Part 2 - why is microbial diversity important - create/maintain atmosphere (weather and clouds)

- unique metabolic activities (N2 fixation)

- key role in nutrient/energy recycling

- truly the base of the food web

- obligate symbionts

- detoxification of hazardous materials

- teach us about life at the extremes

- cool - big $ - products. Discovery of Taq polymerase lead to "chemical prospecting"

8.)Suppose that one of things you do in a crude investigation of diversity is to do a Cot curve with DNAs from both pre/ and post-clearcutting. What would your conclusions be based on this result? (5 points)

Conclusions:

Post clear cut shows an apparent increase genomic complexity vs preclearcut. This increased Cot value corresponds to an increase in diversity.

9.) Distinguish between the primary roles of prokaryotes, algae and fungi in microbial ecosystems. (9 pts)

proks - key role in nutrient/energy recycling, truly the base of the food web

obligate symbionts, decomposition

algae - primary production - especially in aquatic ecosystems (important symbioses (lichens)

fungi - primary decomposition especially lignin and cellulose. important symbioses (mycorrhizae)

10.) Within a day of the Amoco Cadiz oil spill off the coast of France in 1978, culturable hydrocarbon-degrading populations increased by several orders of magnitude Similarly, shortly after the Exxon Valdez spill in Alaska, it was reported that culturable hydrocarbon degraders increased by as much as four orders of magnitude. There are (at least) two distinct means by which these increases could occur. Discuss these, and tell me how you would distinguish which of these events was most likely. (12 points)

The oil spill provided an influx of nutrients that (1) would represent a "new food source" to those who could already use the compounds contained in the oil and (2) a selective pressure for those who do not possess the genetic capacity (to degrade the hydrocarbon HC) to acquire the genes.

Two possible schemes could explain the increased numbers of culturable HC degraders.

1. Increase in a single or few species (populations) possessing the ability to degrade hydrocarbons.

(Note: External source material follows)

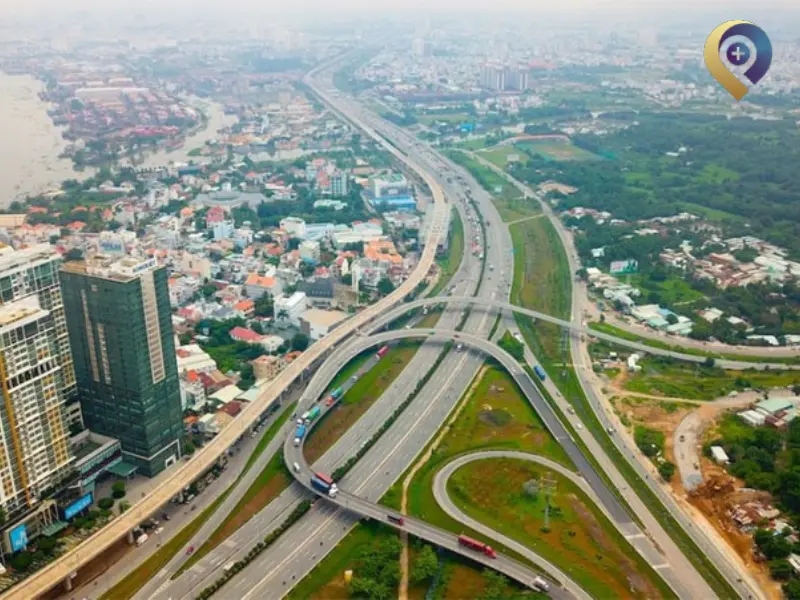 Quận Nam Từ Liêm tự hào với hệ thống cơ sở hạ tầng hiện đại và đồng bộ Quận Nam Từ Liêm tự hào với hệ thống cơ sở hạ tầng hiện đại và đồng bộ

2. Transfer of the genes that allow degradation of the compounds to many organisms within the environment. This can occur by any of the methods we discussed in class.

remember - we're only talking about culturable HC degraders.

To test - isolate HC-degraders on enrichment media containing HC as sole C source - as was described in the question. Presumably, since the question indicates you had an increase in the culturable HC degraders, you have access to samples before and after the spill. Also plate samples on non-HC media - do you see differences in (numbers and morphologies) of total culturable before and after. Determine species of post-spill isolates by 16S sequencing, traditional taxonomy etc....Alternatively, you could do some type of genetic fingerprinting (via PCR) to screen isolates. Do you find a wide morphological and biochemical diversity in the isolates? If you do find a wide diversity - do you find the same genes for HC degradation in all the organisms. If you find only one ( or a few) species (with higher numbers), option 1 is more likely.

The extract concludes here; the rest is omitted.